Por isso mesmo a ANCI defende um regime laboral que proteja o cuidador a tempo parcial, assegurando um regime de faltas, licença para assistência à pessoa cuidada, regulação do horário flexível, assim como o alargamento da licença parental inicial até 1 ano para os titulares dos direitos de parentalidade a quem seja reconhecido ao estatuto de cuidador informal.
O Estatuto em vigor faz depender a atribuição de um subsídio ao cuidador informal principal da verificação de recursos e basta que o rendimento de referência do agregado familiar seja superior a 576 euros mensais para ser excluído. `
“Só uma minoria de pessoas consegue ter acesso ao subsídio e são as que já estão em risco de pobreza. Queremos que abranja todos os cuidadores, com um valor fixo entre o IAS – Indexante dos Apoios Sociais (443,20 euros em 2022) e a Remuneração Mínima Garantida (705 euros). Deve ser um apoio digno e não uma medida de combate à pobreza”, refere Liliana Gonçalves.
Outra medida que continua por regulamentar é o direito ao descanso do cuidador. A Associação Nacional de Cuidadores Informais defende um descanso não inferior a 58 dias úteis/ano. Ou seja, em média, 1dia/semana. Que pode ser para efetivo descanso em férias, mas porque o próprio cuidador também tem algum problema de saúde ou simplesmente, precisa de tratar dos seus assuntos.
Nesta situação, a pessoa cuidada deverá ficar numa unidade da RNCCI – Rede Nacional de Cuidados Continuados Integrados. Atualmente, paga a permanência em função dos rendimentos, mas a ANCI quer que esse ingresso passe a ser gratuito.
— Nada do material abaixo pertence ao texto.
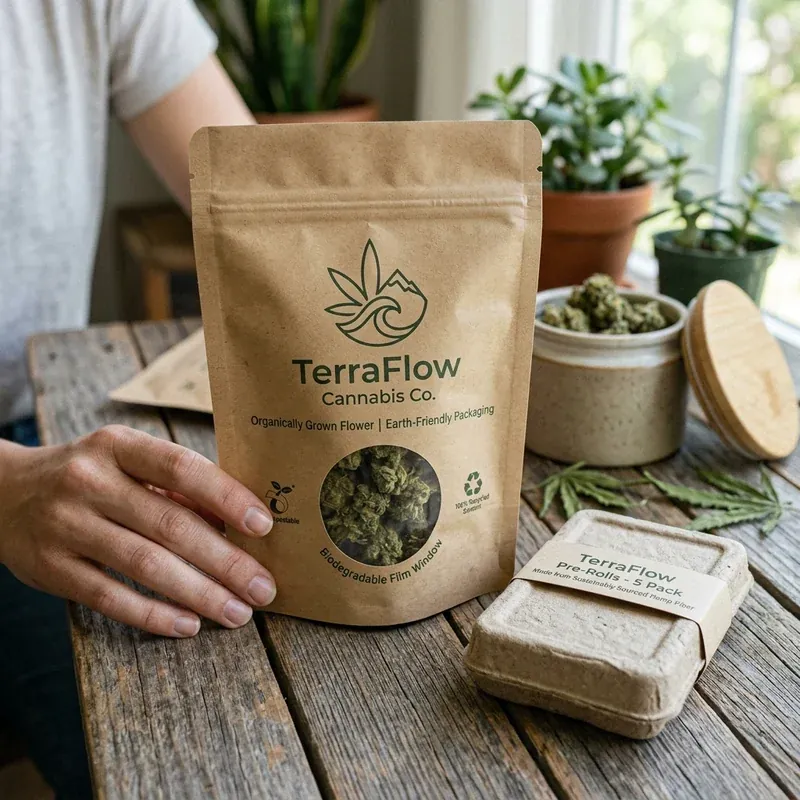 Eco Friendly Marijuana Packaging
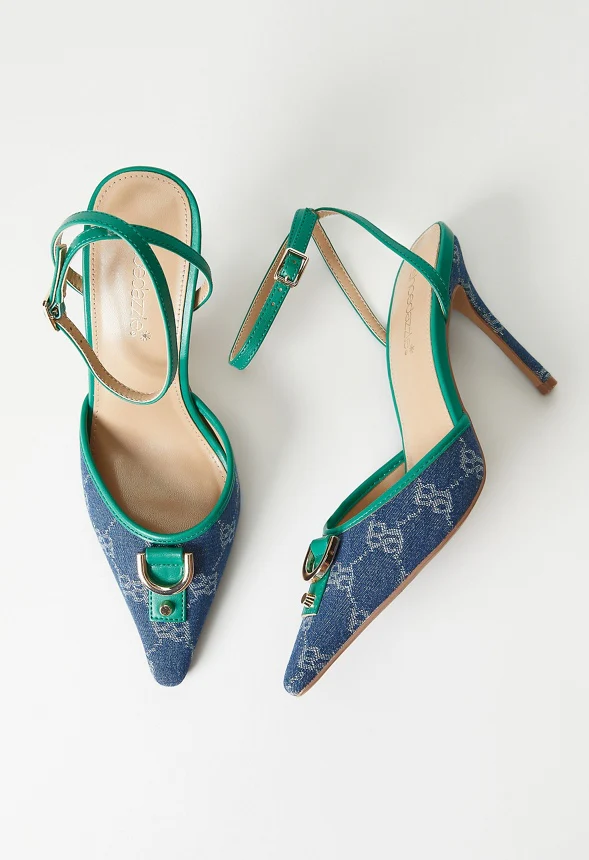 Sammi Ankle Strap Pump - Image 6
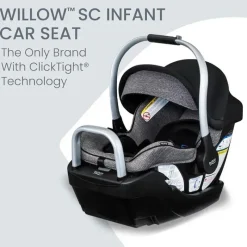 Britax Infant Car Seats*- Willow SC Infant Car Seat, Rear Facing Car Seat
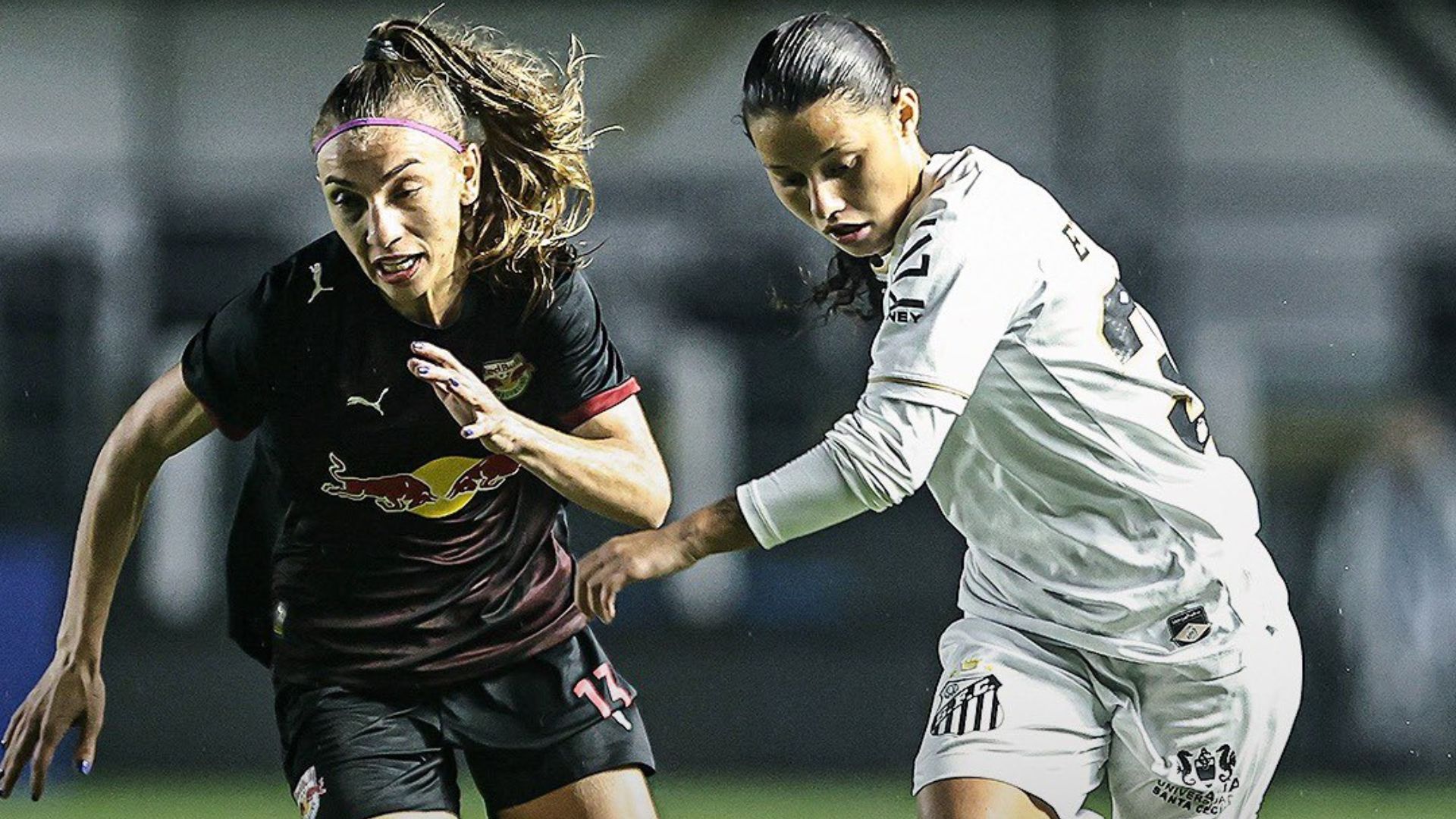Santos é derrotado pelo Bragantino no Brasileirão Feminino. (Foto: Reinaldo Campos/Santos FC)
Neste ponto há uma dificuldade acrescida: as vagas na RNCCI são poucas . Liliana Gonçalves não tem dúvidas:” as vagas têm de aumentar. É uma decisão política e o governo tem de a tomar. Os direitos não podem colidir com a escassez de lugares”.
A Associação defende ainda a majoração do subsídio ao cuidador a tempo completo correspondente a 100% do valor das contribuições do 1º escalão do seguro social obrigatório.
Por enquanto, apenas quem recebe subsídio pode fazer descontos para a Segurança Social. “Mas muitos não o fazem porque o pouco que recebem – em média, à volta de 300 euros – não chega para os descontos. E futuramente há muita gente que poderá estar em situação de maior carência económica, sem uma reforma com um mínimo de dignidade. Queremos que estas pessoas tenham condições para fazer descontos e ter acesso a uma pensão de reforma”, diz Liliana Gonçalves.